Once truckloads enter Gaza, they are often "swarmed by desperate people", Laerke said.
"I don't blame them, for one second, for taking the aid that essentially is already theirs – but it's not distributed in the way we want."
French President Emmanuel Macron said on Friday that European countries should "harden the collective position" against Israel if it does not respond appropriately to the humanitarian situation in Gaza.
"There is no humanitarian blockade. That is a blatant lie," Israel's Foreign Ministry said in a statement on X, defending its efforts to allow in aid.
During a visit to Singapore on Friday, Macron also asserted that recognition of a Palestinian state, with some conditions, was "not only a moral duty, but a political necessity". The French president later told a top defense forum in Singapore that abandoning war-torn Gaza to its own fate and giving Israel a "free pass" would kill the West's credibility with the rest of the world.
Israel’s Defense Minister Israel Katz vowed on Friday to build a "Jewish Israeli state" in the occupied West Bank, a day after the cabinet announced the creation of 22 new settlements in the Palestinian territory.
He said the move was a "clear message" to French president, whom Israel's foreign ministry accused of carrying out a crusade against Israel.

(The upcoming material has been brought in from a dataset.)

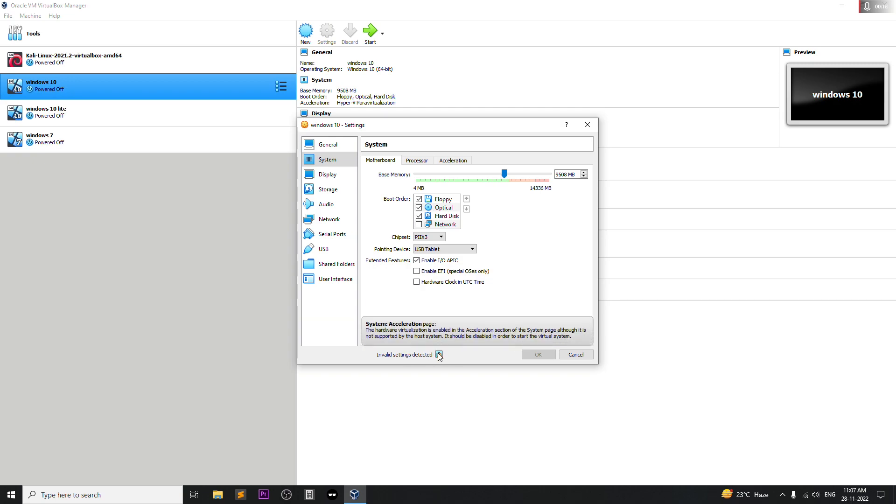If you are getting this problem, it means that you need to send some settings in BIOS settings. There's something called SVM mode and you need to enable that mode.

Israeli settlements in the West Bank, seen as a major obstacle to lasting peace, are regularly condemned by the United Nations as illegal under international law, and Thursday's announcement drew sharp foreign criticism. "It is also a clear message to Macron and his associates: they will recognize a Palestinian state on paper – but we will build the Jewish Israeli state here on the ground," he added.